# Looking for VGA Driver for ACER Travelmate 4150



## riffdex (Mar 13, 2010)

I have an ACER Travelmate 4150 that I installed Windows 7 on. I know that this model of Travelmate doesn't technically support W7 but I got it installed just fine and have found all of the drivers except for one. I am trying to get VGA driver so I can use sleep mode (Sleep is currently grayed out). I have looked under the ACER website at the model "Acer Travelmate 4235 (which supports Vista and W7) and tried the VGA drivers for that model but they are not working. There has to be a working VGA driver for this. Does anyone know where I can look to find the right VGA driver (btw Windows update has found all of the drivers except this one - so that won't help)?


----------



## joeten (Dec 4, 2008)

Hi do you know which graphics vendor your machine has ie intel,nvidia can you go to device manager then to the device click on the + to expand the view then right click on the device choose properties then go to the details tab and choose hardware id's from the drop down list and post the pci\ven&dev


----------



## pip22 (Aug 22, 2004)

_"There has to be a working VGA driver for this"_

Not necessarily.


----------



## joeten (Dec 4, 2008)

pip22 is correct


----------



## riffdex (Mar 13, 2010)

The type of video card is nVidia 7.2.7.3
On the ACER website I could go to this link:
Acer Support: Downloads & Support Documents - Notebook / TravelMate / TravelMate 4150
And go down to "VGA" section and download one of the options (they are both the exact same thing I believe) and it would work.

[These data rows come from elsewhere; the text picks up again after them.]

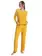 Oferta de Long pajama set 97009 por $34.99 en Ilusión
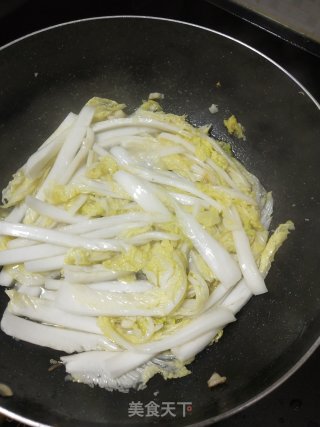 步骤4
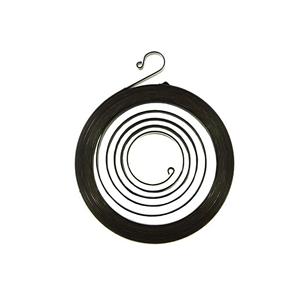 Resorte Compatible con Motosierras Stihl 038/051/056, Eléctricas de 2 y 4 Tiempos, a Gasolina de Grado Industrial, Modelo Ref 915302 - Product Image 1
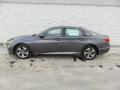 2018 Accord EX-L Sedan #6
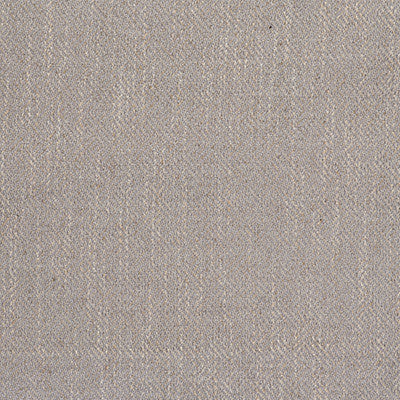 Enea Perla by Gaston Y Daniela Designer Fabric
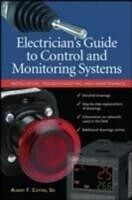 eBook (pdf) Electrician''s Guide to Control and Monitoring Systems: Installation, Troubleshooting, and Maintenance de Albert F. Cutter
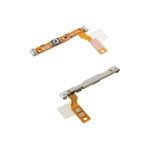 Flex Power Samsung J7 Prime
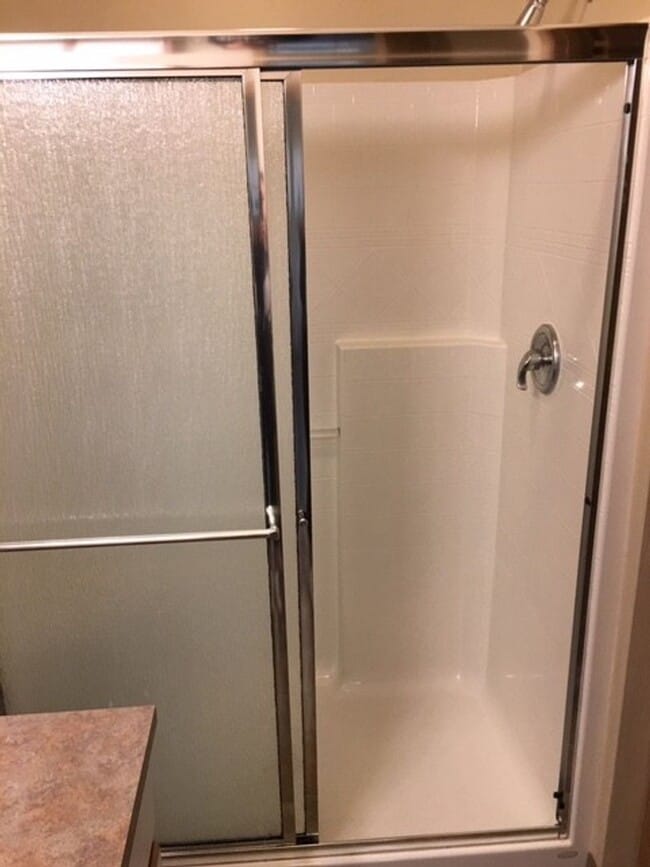 Building Photo - Large Campus area 4 Bed House includes W, S, G, storage unit & much more!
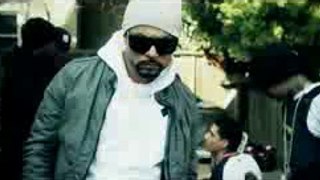 Bohemia New Song 2012 Talli [Official Video].HD - YouTube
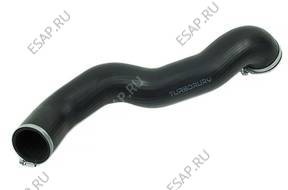 PRZEWD ТУРБО ИНТЕРКУЛЕРА VOLVO V70 XC70 30645937
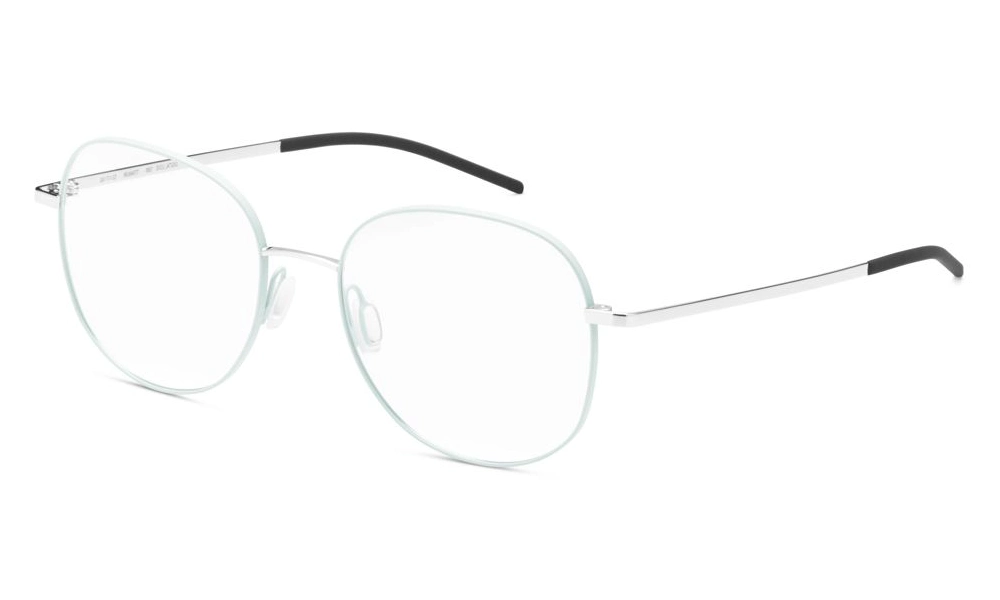 Очки для зрения Orgreen DIGITAL LOVE 1268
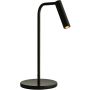 Endon STATEN 80630 Бюро лампа 1x5W/LED 3000K 460LM IP20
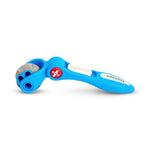 Medi-Dyne Healthcare Addaday Uno Massage Roller S02108 - 1.0 Each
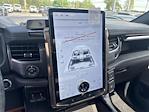 New 2025 Ford F-150 Lightning Lariat SuperCrew Cab 4x4 Pickup for sale #S447 - photo 32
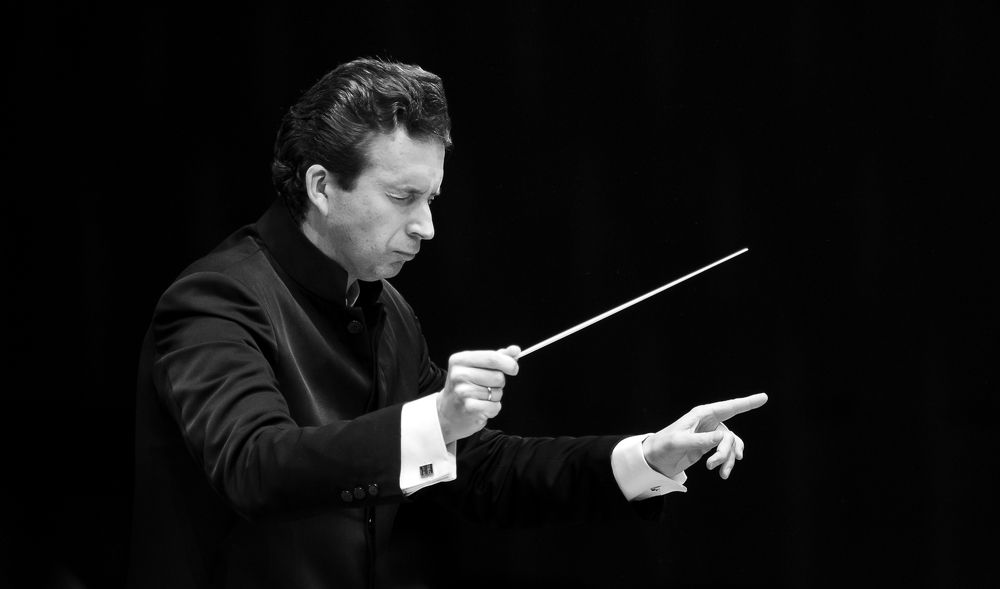 Photograph by Екатерина Сергиенко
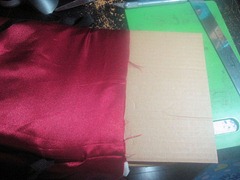 IMG_0465 IMG_0465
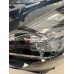 BAŞKAN TİC.MERCEDES A2139066601 E W213 KASA SAG FAR 2139066601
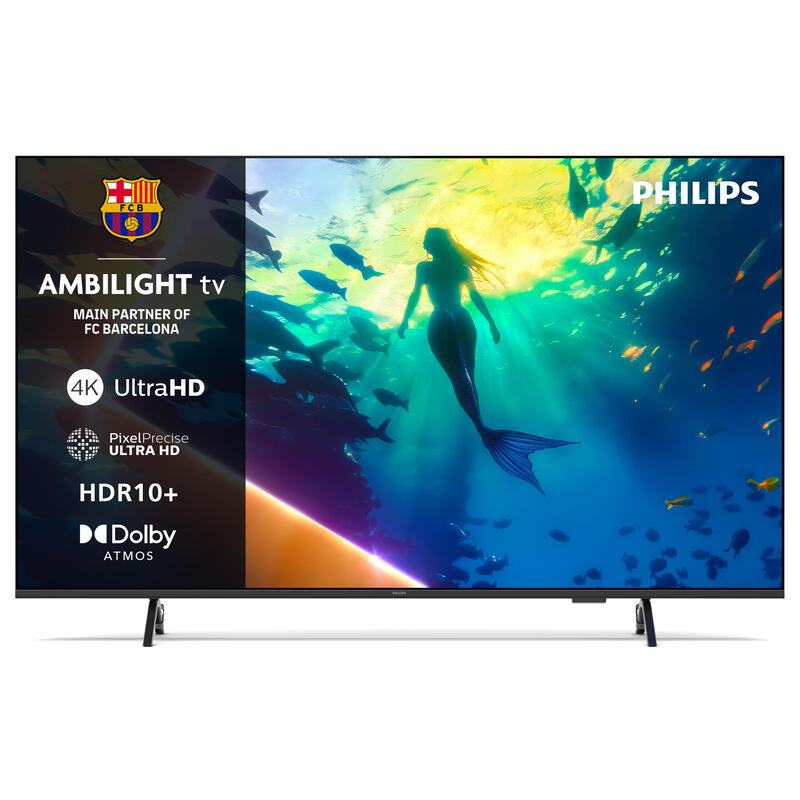 philips-65pus8500-12-164cm-65-4k-ambilight-tv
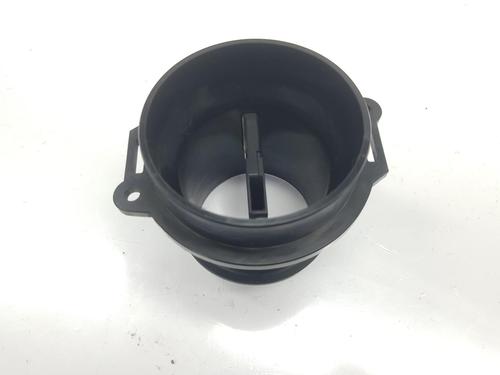Mass air flow sensor AUDI A7 Sportback (4GA, 4GF) 3.0 TDI quattro | BP9415204M95 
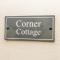 Corner Cottage - 沙夫茨伯里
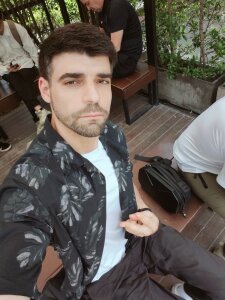 deeper_quest@xh Public Pic 3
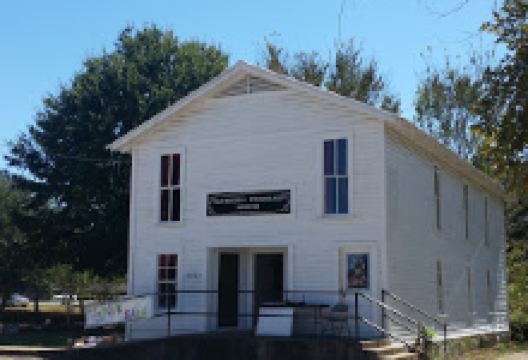 Kathleen Fitzgerald Museum景点图片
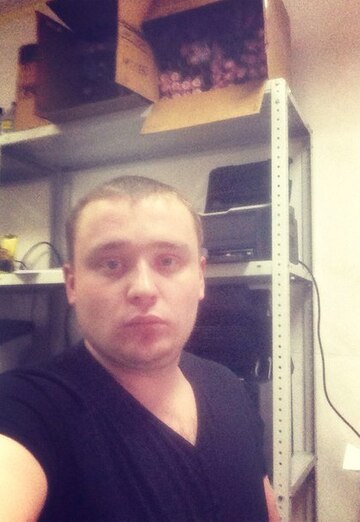 Nikolay (@nikolay20683) — my photo № 4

This is, however, if I still had Windows XP. Unfortunately, this particular model (Acer Travelmate 4150) never came with Windows 7 installed so it doesn't have a option for that (or for Vista). At the top right of the link I posted, it has an option of "Operating System" and the only options are Windows XP Home 32bit or Windows XP Professional 32bit. I have tried the driver as if I had Windows XP Pro but it did not work. My next guess was to simply look at similar models of ACER and find if any of them had nVidia VGA driver for Vista or W7. 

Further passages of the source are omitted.